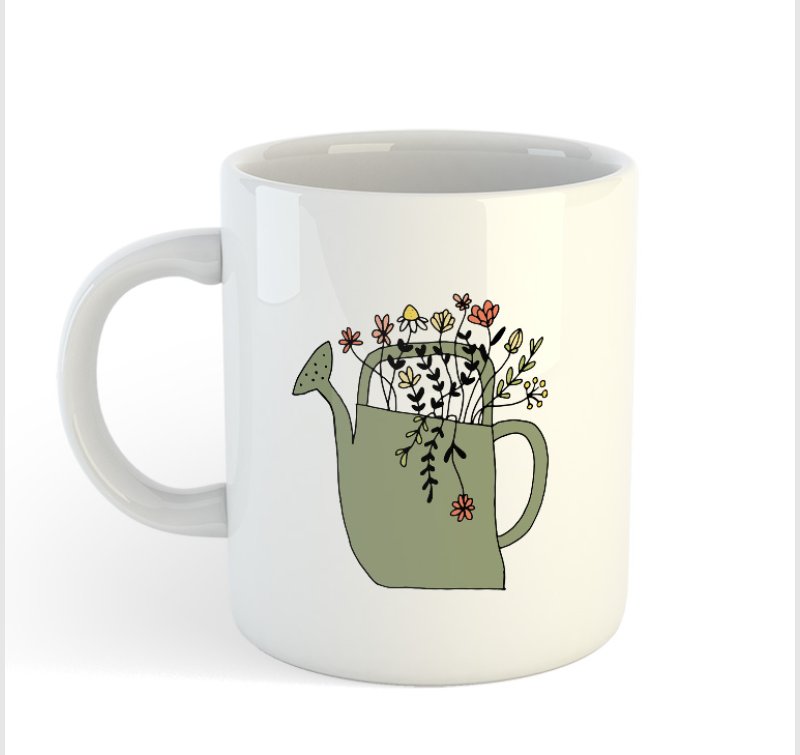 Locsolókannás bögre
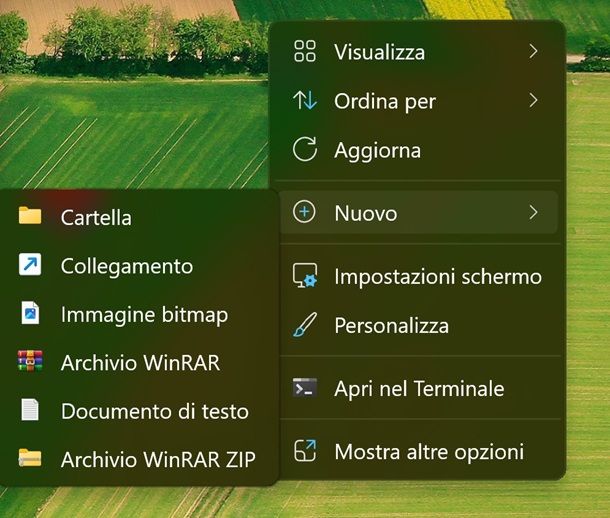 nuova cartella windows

--

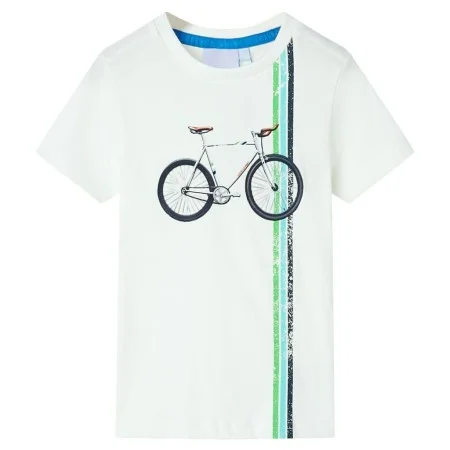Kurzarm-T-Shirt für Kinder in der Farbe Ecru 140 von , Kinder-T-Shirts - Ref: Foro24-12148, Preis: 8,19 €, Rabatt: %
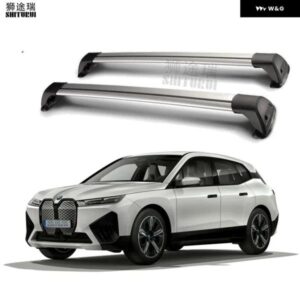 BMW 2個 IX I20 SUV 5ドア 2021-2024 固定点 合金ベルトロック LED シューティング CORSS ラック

Instructions for the task: Using the material above, reproduce only the lines that run from the line with "Kurzarm-T-Shirt für Kinder" up to and including the line with "BMW 2個 IX I20", exactly, with the pictures dropped.

Answer below:
Kurzarm-T-Shirt für Kinder in der Farbe Ecru 140 von , Kinder-T-Shirts - Ref: Foro24-12148, Preis: 8,19 €, Rabatt: %
 BMW 2個 IX I20 SUV 5ドア 2021-2024 固定点 合金ベルトロック LED シューティング CORSS ラック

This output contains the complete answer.